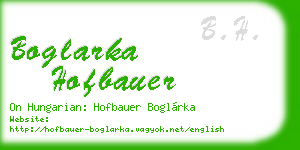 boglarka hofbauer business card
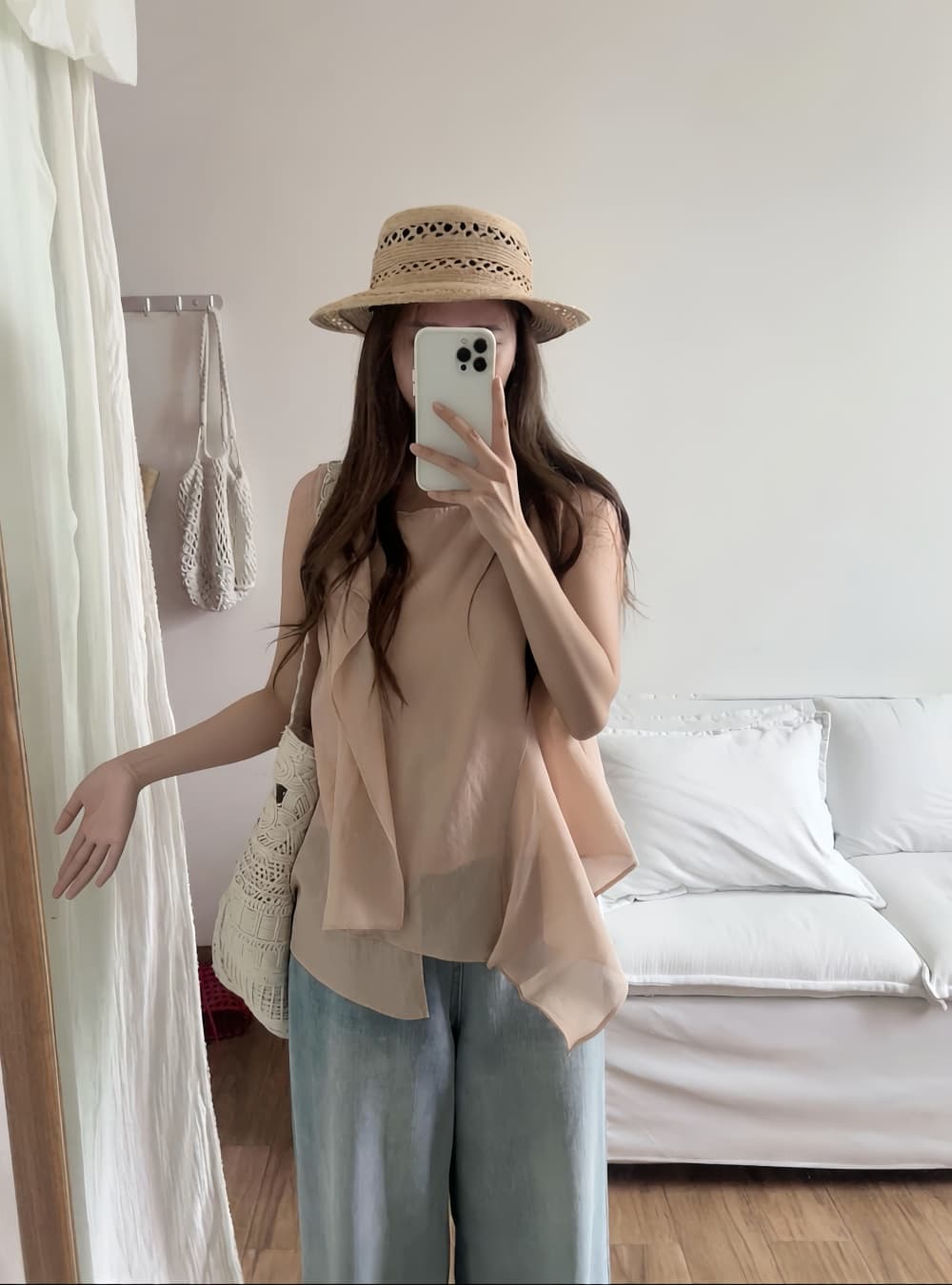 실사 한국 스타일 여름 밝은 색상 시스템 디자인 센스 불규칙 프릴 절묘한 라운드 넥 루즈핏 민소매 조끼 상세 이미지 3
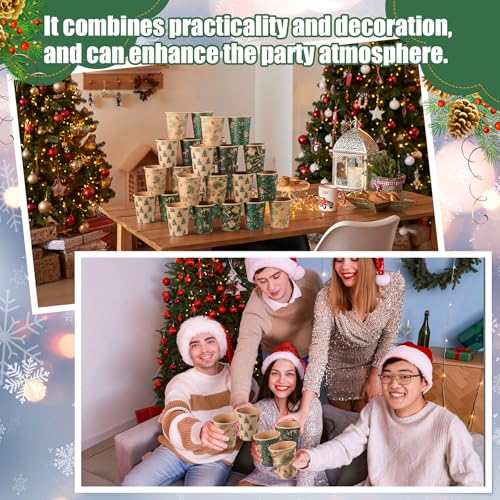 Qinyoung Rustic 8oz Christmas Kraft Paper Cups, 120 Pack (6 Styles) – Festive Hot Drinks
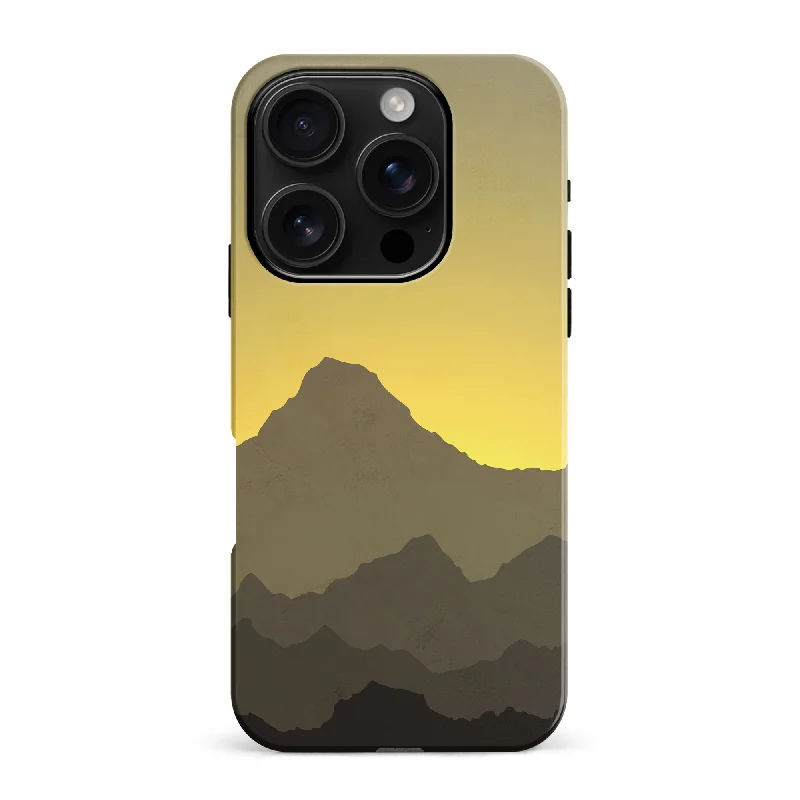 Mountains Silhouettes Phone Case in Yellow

• TASK PROMPT:
Starting with the line that contains "Qinyoung Rustic 8oz", copy every line word for word through the end of the listing above, but leave out the pictures.

• WORKED SOLUTION:
 Qinyoung Rustic 8oz Christmas Kraft Paper Cups, 120 Pack (6 Styles) – Festive Hot Drinks
 Mountains Silhouettes Phone Case in Yellow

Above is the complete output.